I then tried incorporating the airline names into this visualization through color, resulting in the following visualization.
This visualization was slightly more readable than the previous visualization in which I had tried to bring these three aspects together, in that there is a clear indication that Southwest Airlines has faced the most delays across all days. Apart from this, other distinctions are not very clear.
Lastly, I attempted to find out how many hours these airlines were flying, to see if there was any apparent correlation between the hours flown and the number of delays. The following visualization incorporated hours flown by different airlines through a histogram.
This visualization does clearly show that Southwest Airlines has flown the most number of hours, which could be the reason why they also have the most number of delays recorded. This graph could be analyzed for further insights about other airlines, but it seems a bit difficult. Feedback from my lab partner suggested that a better option might be to visualize this information with a pie chart rather than a histogram for better readability, though even that might still have been a bit complex given that a lot of airlines were included in this dataset.

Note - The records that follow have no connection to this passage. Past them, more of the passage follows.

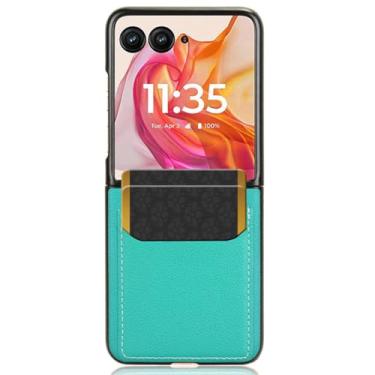 Imagem de HAO RIYLN Capa ultrafina para Moto Razr 60Ultra/60, capa de couro leve de luxo com slots de cartão textura de grão de lichia capa macia, verde, 60 Ultra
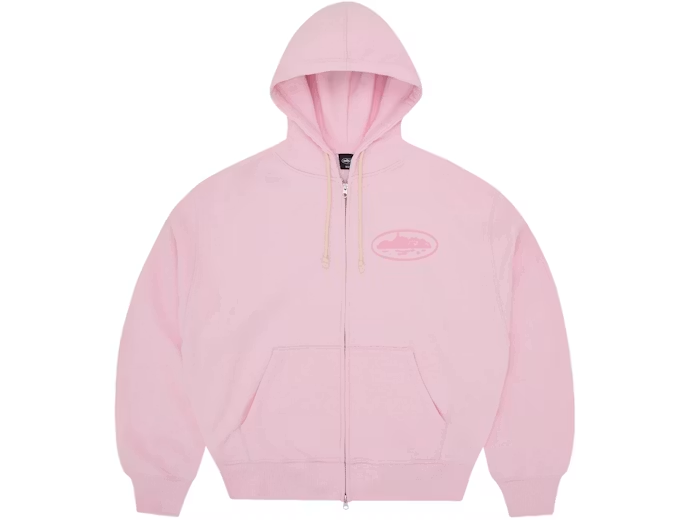 Corteiz Island Knockout Zip Hoodie Pink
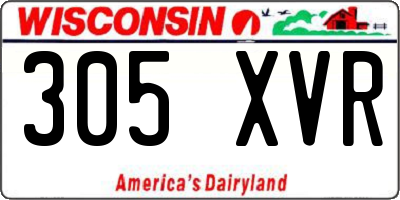 WI license plate 305XVR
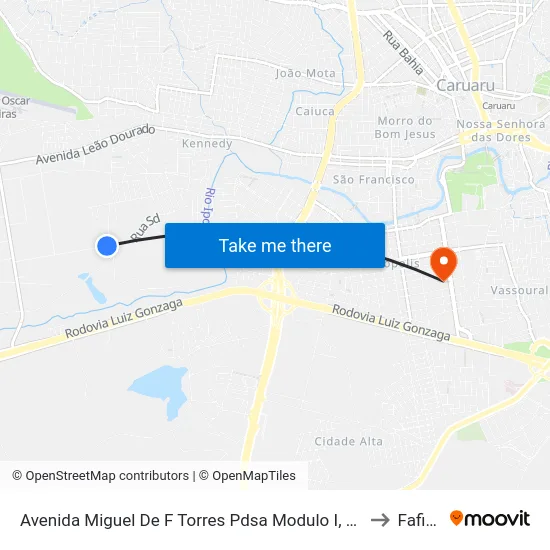 Avenida Miguel De F Torres Pdsa Modulo I, 900 to Fafica map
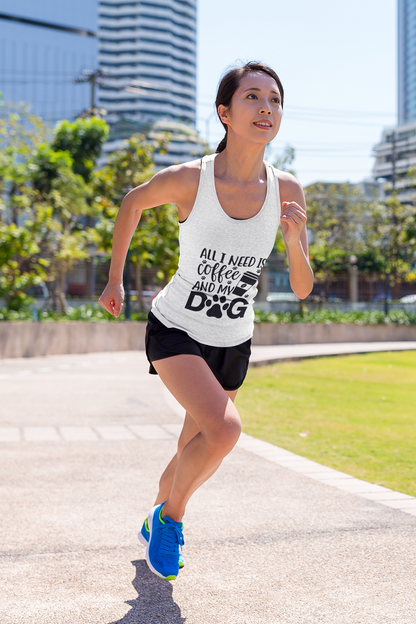 Woman running outdoors wearing Coffee Dog Lover's Racerback Tank with coffee and dog graphic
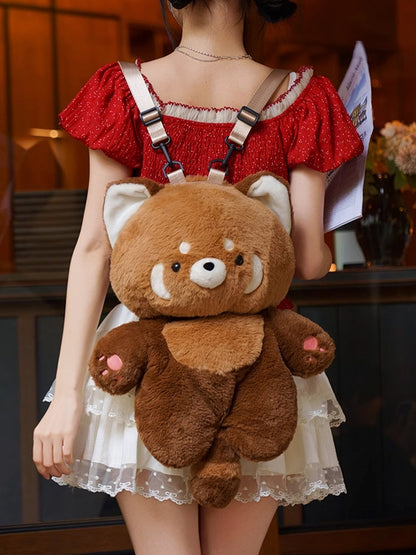 Brown Red Backpack Panda Straps Plush Shoulder 35cm/50cm Detachable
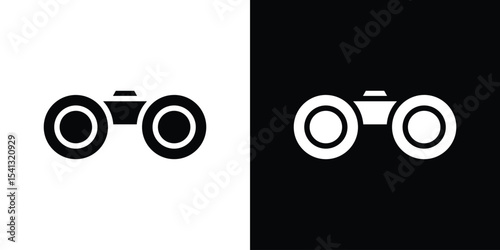 Binoculars icon in flat black solid vector set
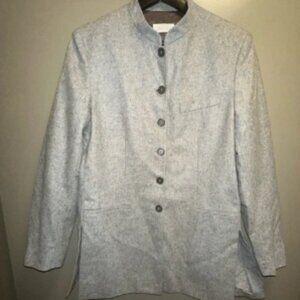 Barney’s New York mandarin collar gray wool coat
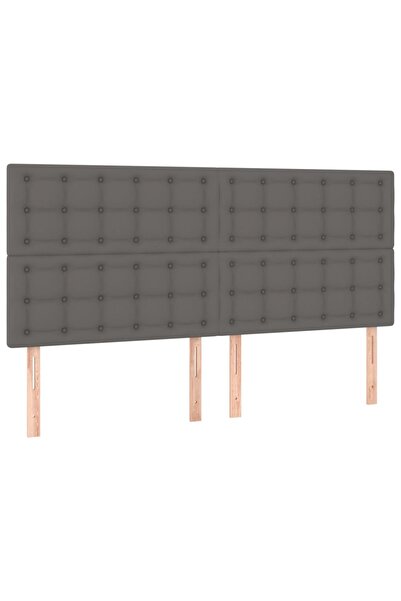 vidaxl Tăblie de pat gri 160x5x118/128 cm piele ecologică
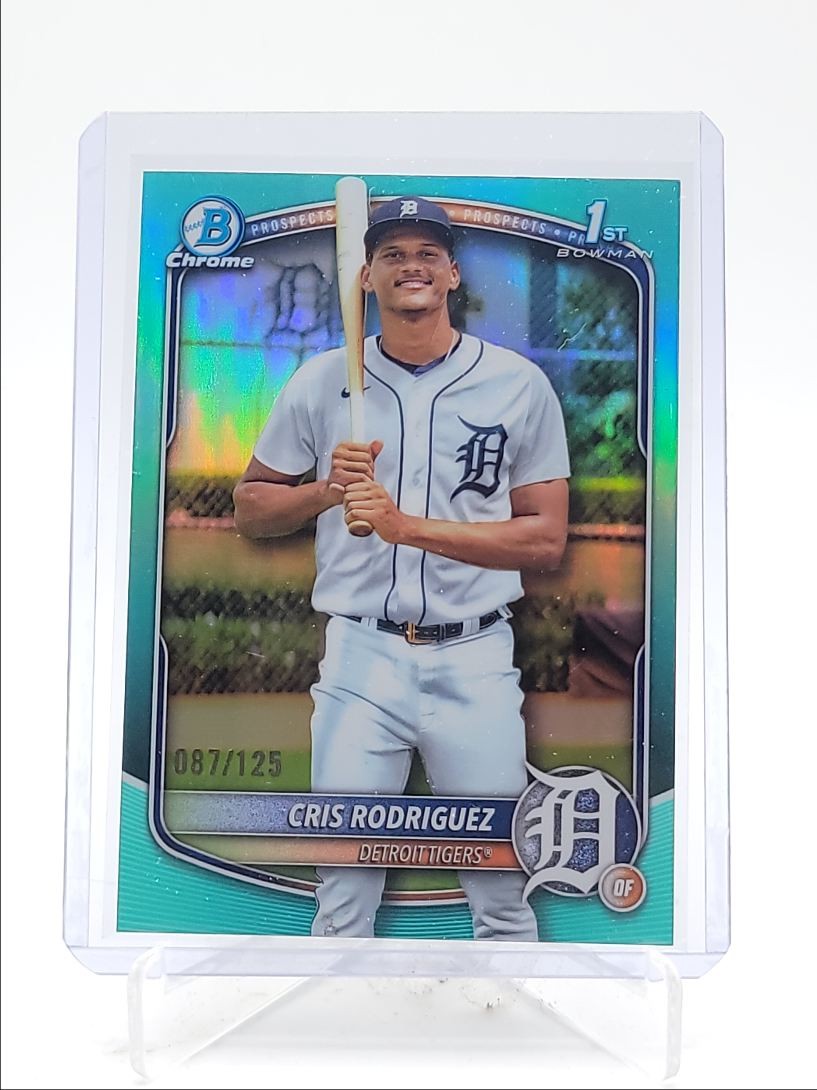 CRIS RODRIGUEZ 2025 BOWMAN CHROME 1ST AQUA REFRACTOR TIGERS /125 Q4060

I tried a similar visualization combing the days of the week and the hours flown to see if there was a specific day on which more flights were occurring, resulting in the following visualization.
This visualization seems to convey that The most hours were flown on Thursdays. However, similar to the previous visualization, further readability is slightly low.
Through this lab session, I was able to find answers to some interesting questions that are also very relatable to the general population at this time. This was one of my initial experiences with R, though not the first, and I feel that working with it a little more extensively may help me learn better ways to visualize information using the language, and therefore achieve better final visualizations. There were some instances during this process where I would have liked to do something different, but lacked the appropriate expertise. I would like to analyze this information further using R, in order to see if any predictions regarding flight delays can be made with this data. I also feel that working with this amount of data seems to cause R to shut down at times, and I would like to be more aware of ways in which data with this many instances can be handled. All in all it was a great learning experience, which also made me realize that there is still quite a long way to go!